Imagining the Lord’s Interventions (3/5)

This series of articles is written by Dr Peter Masters, and is taken from https://metropolitantabernacle.org/articles/imagining-the-lords-interventions/

For God hath not given us the spirit of fear; but of power, and of love, and of a sound mind. (2 Timothy 1.7).

How we view and talk about God’s dealings with us from day to day can have a considerable effect upon our openness to his guidance in the great decisions of life. Many Christians have picked up a manner of thinking and speaking known as pietistic speech, which is very damaging to the perception of genuine guidance. These friends constantly ascribe all kinds of everyday events to the special and direct intervention of the Lord, as though their lives were filled with minor miracles. They believe this way of speaking is ‘spiritual’, and just what the Lord wants to see in his people. However, it frequently leads to a form of spiritual ‘superstition’ in which Christians interpret their perceived interventions by God as signals of guidance.

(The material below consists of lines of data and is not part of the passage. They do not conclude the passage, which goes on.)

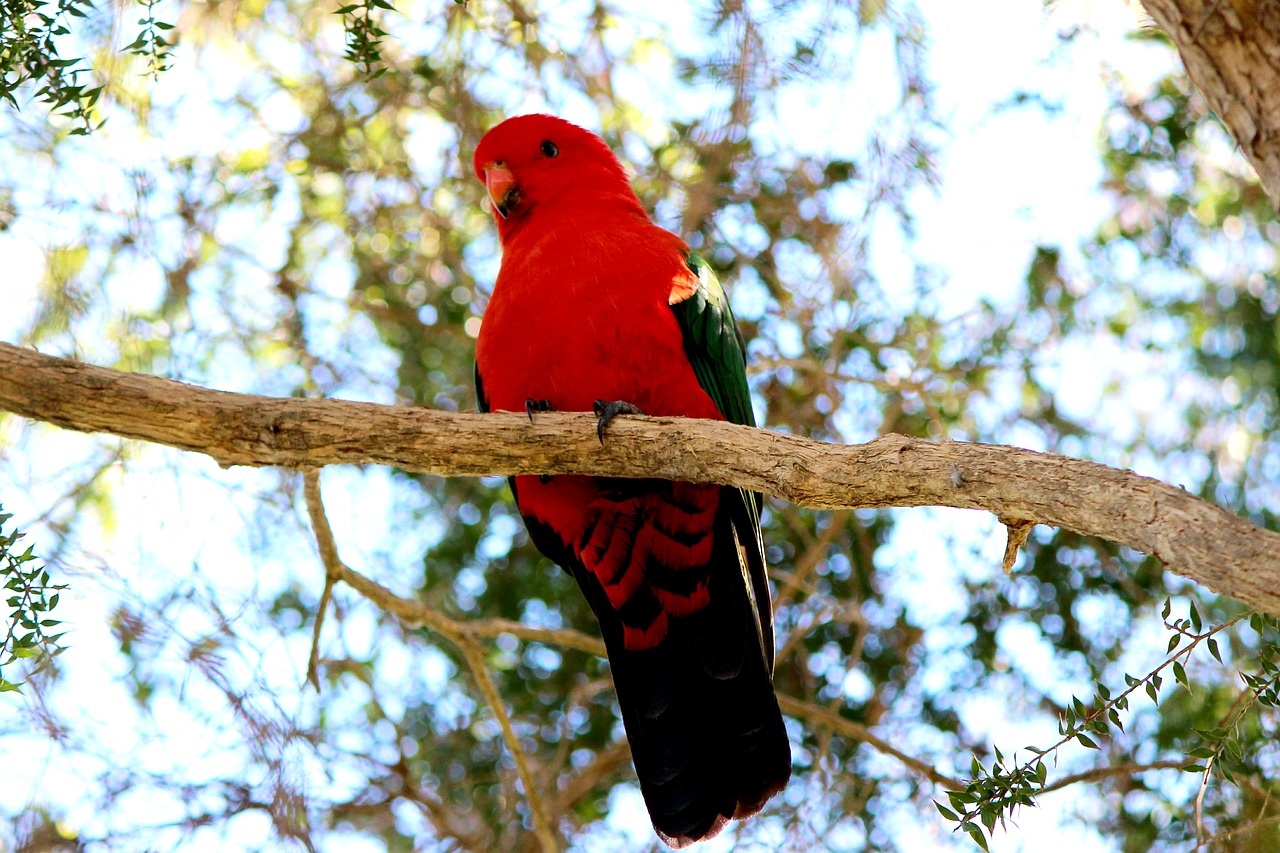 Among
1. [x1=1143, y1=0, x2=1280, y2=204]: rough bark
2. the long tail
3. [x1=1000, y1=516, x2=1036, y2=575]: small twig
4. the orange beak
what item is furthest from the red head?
[x1=1000, y1=516, x2=1036, y2=575]: small twig

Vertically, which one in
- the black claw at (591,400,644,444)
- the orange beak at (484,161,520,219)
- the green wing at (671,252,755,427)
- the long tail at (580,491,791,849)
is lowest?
the long tail at (580,491,791,849)

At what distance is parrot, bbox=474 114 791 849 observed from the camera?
344 cm

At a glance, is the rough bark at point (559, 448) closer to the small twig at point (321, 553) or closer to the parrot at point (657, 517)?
the parrot at point (657, 517)

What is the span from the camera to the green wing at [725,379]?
3.55 m

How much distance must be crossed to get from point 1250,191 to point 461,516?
13.3ft

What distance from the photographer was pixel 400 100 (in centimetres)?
519

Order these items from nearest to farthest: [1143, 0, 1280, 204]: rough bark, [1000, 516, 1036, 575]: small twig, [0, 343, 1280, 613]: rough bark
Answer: [0, 343, 1280, 613]: rough bark, [1000, 516, 1036, 575]: small twig, [1143, 0, 1280, 204]: rough bark

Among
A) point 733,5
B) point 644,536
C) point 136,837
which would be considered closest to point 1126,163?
point 733,5

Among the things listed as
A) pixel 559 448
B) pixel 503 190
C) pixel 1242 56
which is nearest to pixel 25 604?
pixel 559 448

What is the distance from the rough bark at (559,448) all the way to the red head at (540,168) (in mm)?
1442

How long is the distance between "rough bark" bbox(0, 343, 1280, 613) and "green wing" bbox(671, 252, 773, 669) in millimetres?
662

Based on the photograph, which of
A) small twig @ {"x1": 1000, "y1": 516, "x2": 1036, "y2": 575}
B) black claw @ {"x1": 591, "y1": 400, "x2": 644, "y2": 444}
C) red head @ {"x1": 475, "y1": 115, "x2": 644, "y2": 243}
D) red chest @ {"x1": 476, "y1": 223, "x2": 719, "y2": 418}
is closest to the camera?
small twig @ {"x1": 1000, "y1": 516, "x2": 1036, "y2": 575}

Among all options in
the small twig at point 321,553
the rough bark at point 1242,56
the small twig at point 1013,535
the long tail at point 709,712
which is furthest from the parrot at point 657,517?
the rough bark at point 1242,56

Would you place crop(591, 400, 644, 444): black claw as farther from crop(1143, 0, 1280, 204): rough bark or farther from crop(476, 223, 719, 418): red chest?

The famous words of Romans 8 tell us – ‘And we know that all things work together for good to them that love God, to them who are the called according to his purpose.’ To achieve this he allows us, alongside our blessings, to be exposed to a lifetime of temptations, troubles, trials, sorrows, inconveniences, illnesses and failings, whether brought about by ourselves, the devil, or by natural circumstances. While we must experience these troubles

and difficulties, the Lord weaves all the strands of life’s experiences together, using them to chastise, strengthen and train, in short, to work our eternal spiritual good. Through trials the Lord may be rebuking us for some sin, or training us and improving our resilience and character for some future service. Equally, he may be stimulating our dependence upon him in prayer, or teaching us to be sensitive to the hardships of others, or simply reminding us that we should fix our affections on heavenly things and not attempt to get our satisfaction from the things of this world. When we are about to suffer minor discomfort because of the weather, or the late-running of a bus, it is not necessarily God’s will that we should be delivered from that problem. Everything that goes ‘wrong’ is part of our training for Heaven.

In Romans 8, where it is said that all things work together for our good, we do not read about earthly comforts, but about being kept close to Christ in the midst of – ‘tribulation, or distress, or persecution, or famine, or nakedness, or peril, or sword’. We do not deny that God makes remarkable provisions for his people, but judging from the detailed narratives of Luke and Paul, such interventions are generally connected with times of special need, such as when we are on some important service for the Lord, or when he is being especially sympathetic to us in some severe trial.

Before hastily ascribing all comforts to God we should remember that the devil can also bring ‘good’ into our lives (by the Lord’s permission), such as when he tries to distract us from the Lord’s service with comforts, benefits, flatteries, and great earthly opportunities. Satan may also arrange for us to be given gifts, pleasant surprises, or comforts in order to entice us into worldly friendships, alliances or careers.

The devil uses ‘wiles’ (that is strategies) says Paul in Ephesians 6, and King Solomon also points to the strategy of flattery as a prime tool in the onslaught on the soul of the believer (the adulterer in Proverbs, for example, working by flattery and fair speech). From the beginning of his offensive against believers Satan has used pleasant things to deceive. The trouble with friends who ascribe a constant stream of minor benefits to God’s direct intervention, is that they do not seem to realise that the Lord works to lift their interests above earthly, minor and domestic things, to make them more concerned about their part in the work of Christ, and the progress of the Gospel. He would hardly shower minor personal miracles upon them contrary to his own training objectives.